Trump claimed he was the “least racist in the room” and cited employment rates for African American, Asian American and Hispanic communities as being “nine times greater” during his administration than Obama’s.
He spoke of his criminal justice reform efforts, stating that with “the exception of Abraham Lincoln, nobody has done what I’ve done.” In contrast, he stated that Biden had been ineffective on these issues during his 47 years in government and had even sponsored the ‘90s crime bill that criminalized crack cocaine and drastically increased the prison population of Black men.
Biden conceded that he was wrong at the time and vowed to invest in the drug courts to focus on rehabilitation and move toward inclusion.
He accused Trump of inciting further hate and fear in his rhetoric and asked the American people to vote with character.
“What is on the ballot here is the character of this country,” he said.
Welker asked each candidate what they would say to Americans who didn’t vote for them if they won.
“Success is going to bring us together,” Trump said of his high hopes for an economic recovery.

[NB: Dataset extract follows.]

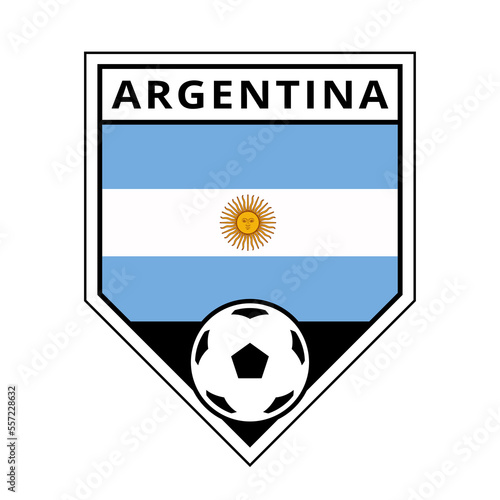 Fotografia Argentina Angled Team Badge for Football Tournament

He warned that once elected, Biden would raise taxes and cause “a Depression, the likes of which you’ve never seen.”
Biden repeated his promises to end systemic racism and to move the country toward sustainability and create equitable opportunities for Americans.
“Decency, honor, respect. Treating people with dignity, making sure that everyone has an even chance. And I’m going to make sure you get that,” Biden said.